▶ **EXERCISE DESCRIPTION**:
Each record should be copied exactly into the answer, and no picture should go with it.

▶ **THE DATA**:

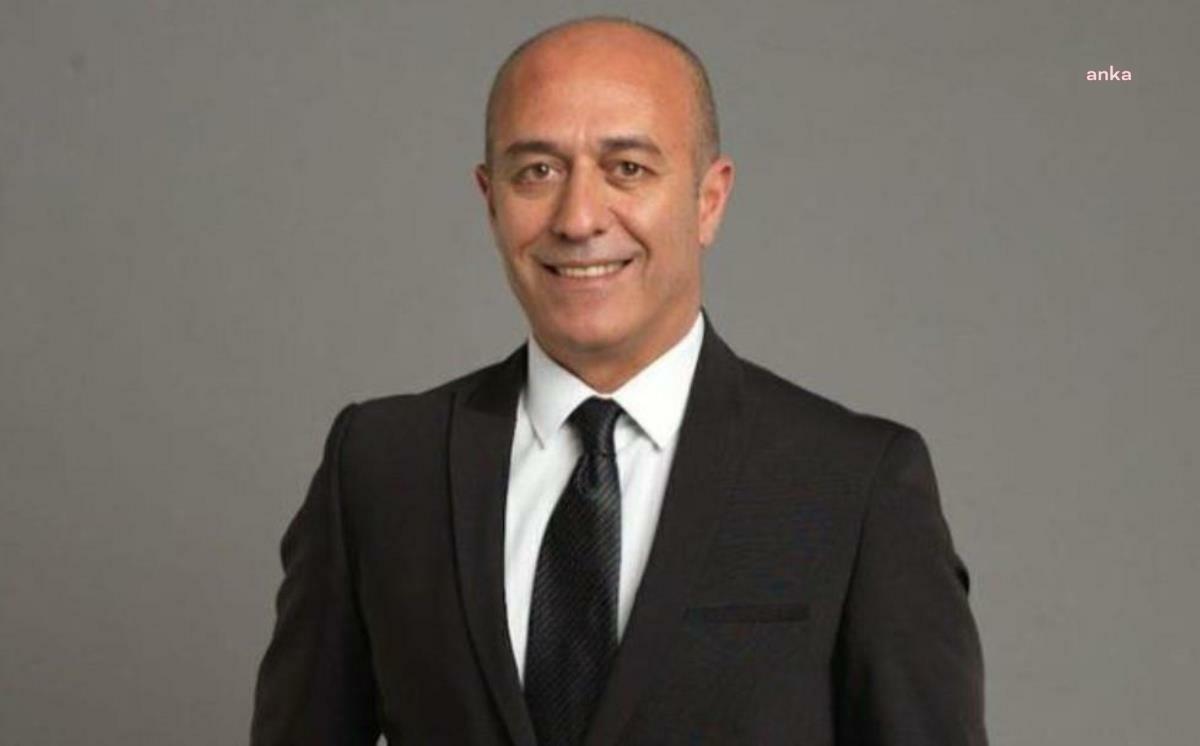 GAZETECİ SUAT TOKTAŞ, CHP TBMM GRUP BASIN DANIŞMANI OLDU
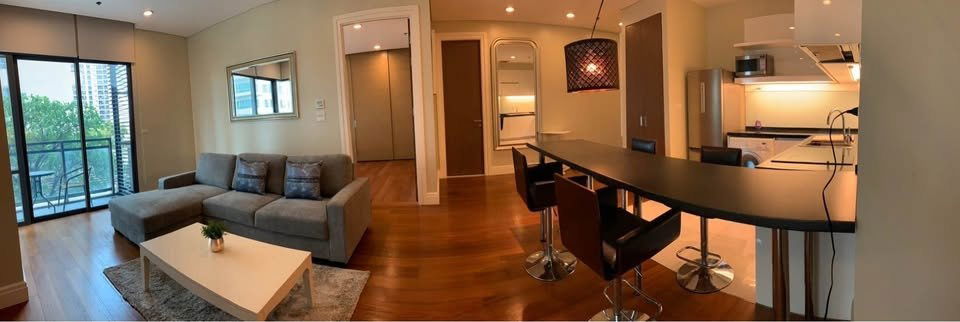 picture Condo for Rent at Bright Sukhumvit 24 (D6808051) - 1/9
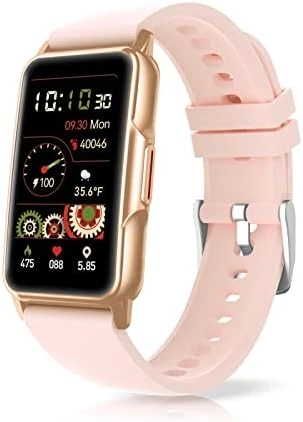 Health Fitness Tracker — Fitness Tracker, Mindrose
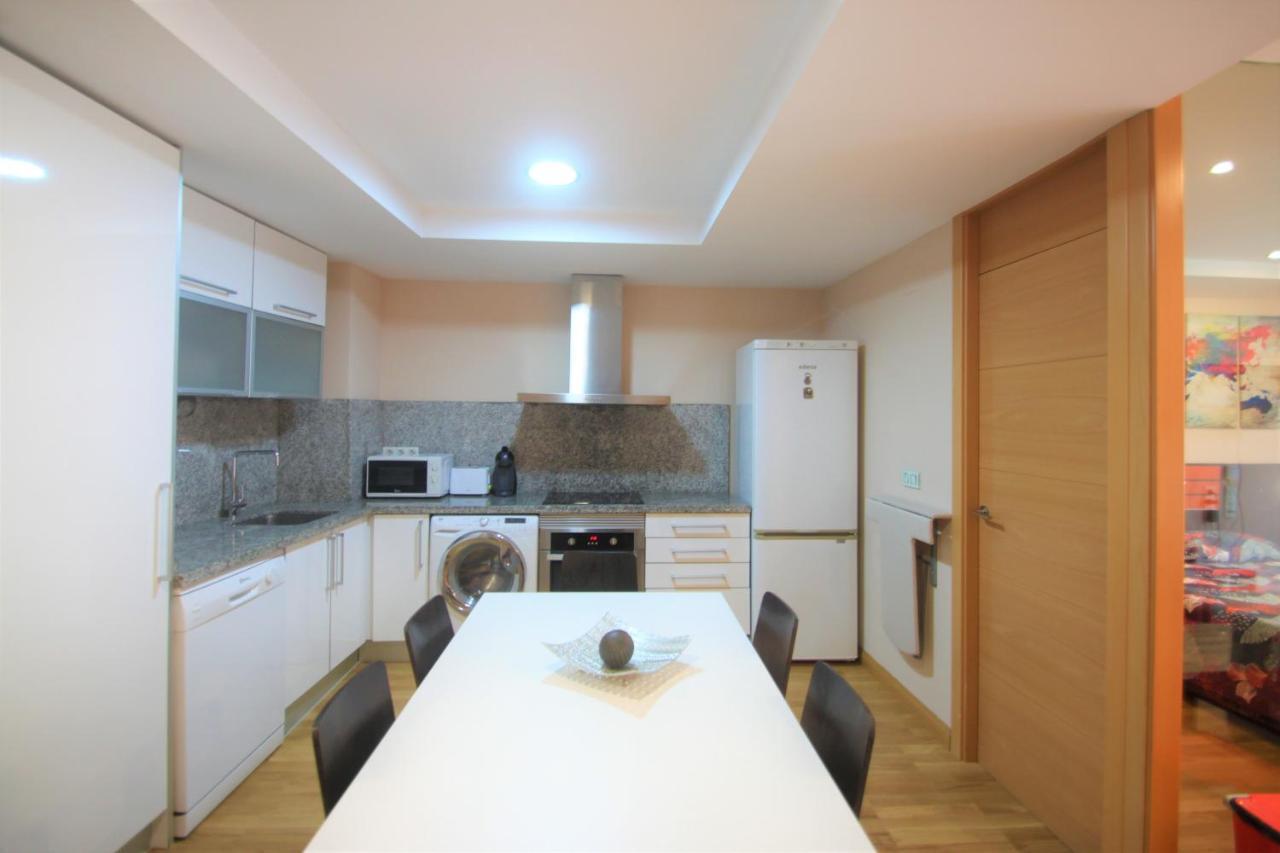 Modern Casaturis Apartment With Castle Views A131 Аликанте Екстериор снимка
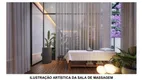 Foto 28 de Apartamento com 3 Quartos à venda, 125m² em Campo Belo, São Paulo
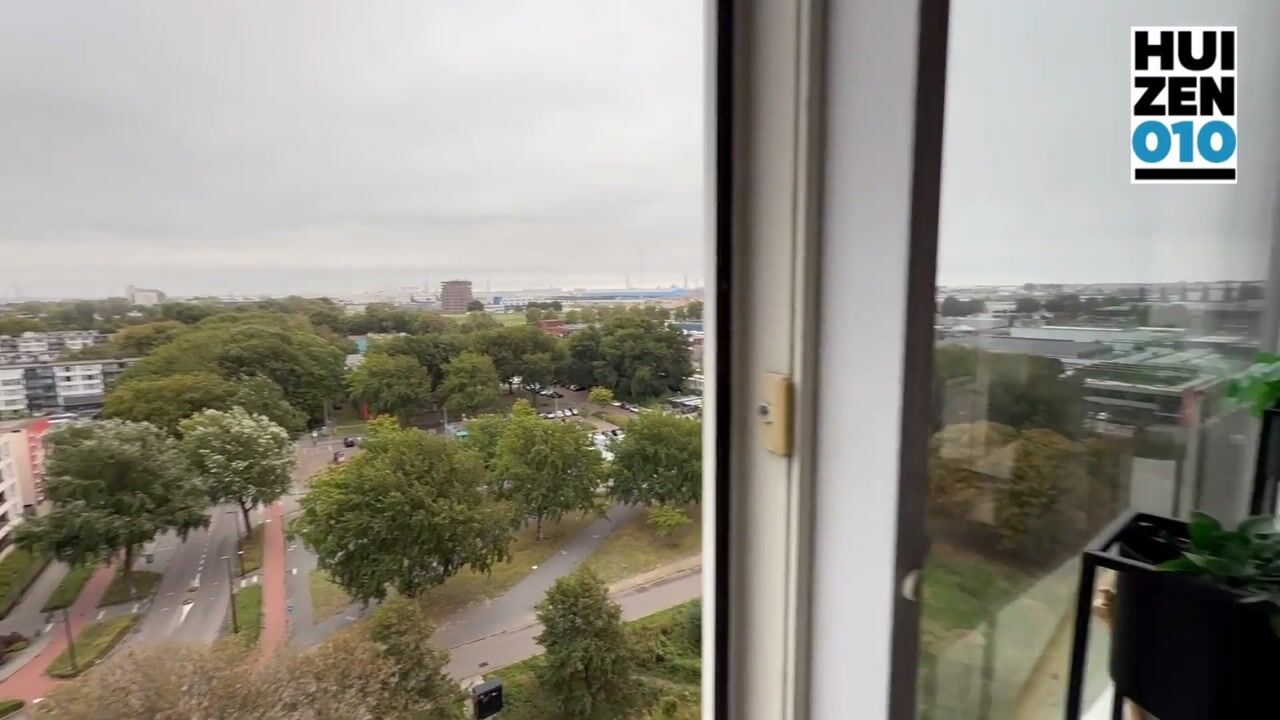 Video van Coornhertstraat 143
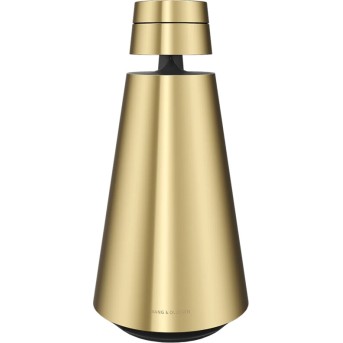 BeoSound 1 GVA Speaker Brass Tone - FLEX - Metoo (1)
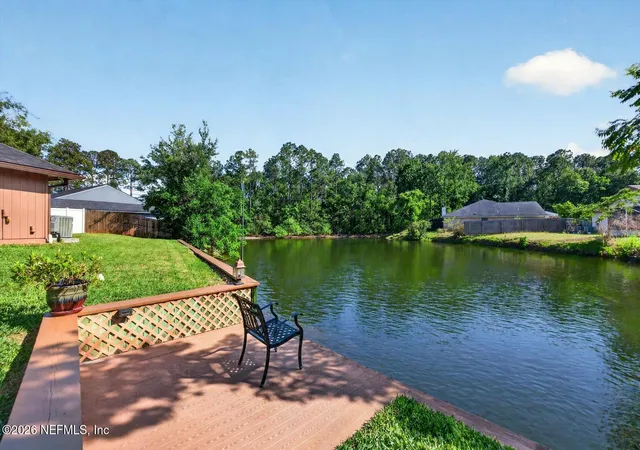 3rd image of 972 Rexfield Ter, Jacksonville, FL 32221 | MLS# 2142768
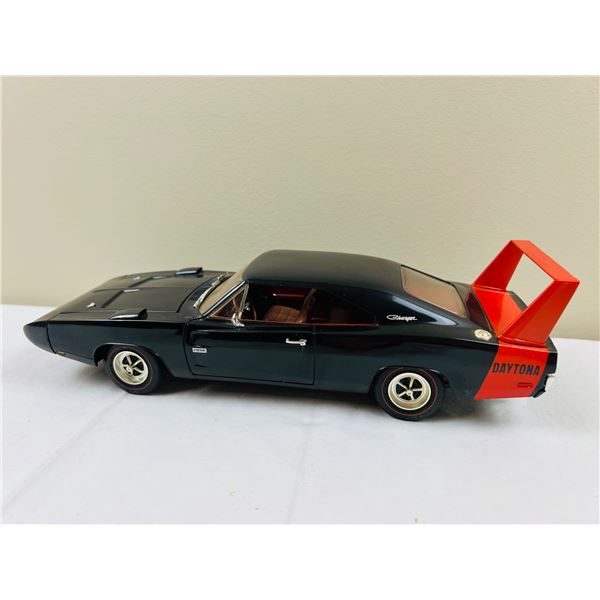 Ertl 1969 Dodge Die Cast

▶ **SOLUTION TO THIS TASK**:
 GAZETECİ SUAT TOKTAŞ, CHP TBMM GRUP BASIN DANIŞMANI OLDU
 picture Condo for Rent at Bright Sukhumvit 24 (D6808051) - 1/9
 Health Fitness Tracker — Fitness Tracker, Mindrose
 Modern Casaturis Apartment With Castle Views A131 Аликанте Екстериор снимка
 Foto 28 de Apartamento com 3 Quartos à venda, 125m² em Campo Belo, São Paulo
 Video van Coornhertstraat 143
 BeoSound 1 GVA Speaker Brass Tone - FLEX - Metoo (1)
 3rd image of 972 Rexfield Ter, Jacksonville, FL 32221 | MLS# 2142768
 Ertl 1969 Dodge Die Cast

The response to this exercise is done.